The Canadian figure skater's mother died of a heart attack just before the Vancouver Games -- Rochette's home Olympics. Grief-stricken yet resolute in knowing Therese Rochette's wish would have been for her to compete "and complete my dream," Rochette skated.
And won bronze.
On the eve of the Sochi Games, which Rochette will attend as an analyst for Canadian TV and working with Team Visa, she looks back at 2010 with pride, not sadness, in her voice.
"That was the chance of a lifetime," she said. "Any athlete wants to make it to the Olympics, but to make it in your own country ... to make it and then not be able to skate in my own country was not what my mom would have wanted for me.
"I knew I was strong. I did not know I was that strong, to have one of my parents die a few days before; you can never be prepared for that. I saw skaters who would come back a week later and I would wonder how they are able to keep functioning. When it happens to you, you get that strength, and I don't know where it comes from. We are built that way as athletes, I guess."
Perhaps. But her courage in the midst of such grief was inspirational -- to other Olympians, to fans. To everyone, really.
Rochette took the ice for practice just hours after her mother's death. Four days later, she mesmerized the crowd and many of her peers with a stunning free skate that earned her bronze. A few days later, Canadian teammates chose her to carry the flag at the closing ceremony.
"In Vancouver, I learned no matter how prepared you are for a competition -- you plan well in advance for the Olympics, of course, on and off ice -- you need to be flexible with that plan and can never know what can happen," she said. "Winners are those who can go with it."
With the support of her "strong team" -- her father and boyfriend, her coach and sports psychologist -- she made it.
"I knew I might be alone on the ice, but without them I would not ever be able to skate," Rochette said. "That was the moment I was training for my whole life. The Olympics come once every four years. I was 24 and at my peak, and it was do it then or do it never.
"There was no option during the games to go back home for me."
The four-year cycle has run its course again, and Rochette actually had some thoughts about a comeback for these Olympics. Had she been a speed skater or skier, she might have attempted it because they have no other outlets to show off their skills or express themselves within their sport.
But Rochette stars in a steady stream of skating shows. She'll headline "Stars on Ice" when it tours this spring and summer. That brings her fulfillment.
She also spends time visiting Third World countries with World Vision and with Right to Play. Rochette has been to Peru, Honduras and Rwanda since the 2010 Olympics.
"You get to see the work that those organizations are doing in those countries, so far from us," she said. "When we see there are these organizations, we don't know where that money goes and what happens to it. I got to see that. I got to see these young people -- they want to change the way they live and make themselves leaders in their own community.

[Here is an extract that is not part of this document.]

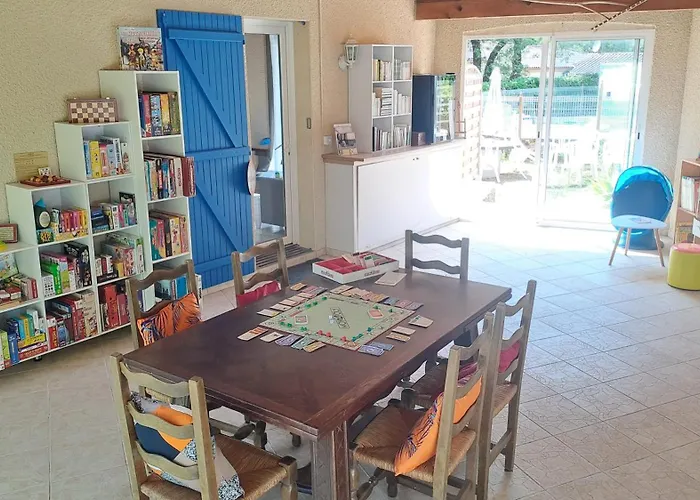 Les De Lescurou Hébergement de vacances *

"It might be as simple as to start maybe a chicken farm. But it is what they try for."
In Rwanda, she recognized the need to change the mentality of the parents, who had been taught to bring their kids to the fields to work and not to school. That saddened her, but she also took heart when playing with the children and seeing their enthusiasm and their desire to succeed.
"Maybe," Rochette said, "to change the life of one person would be the reward."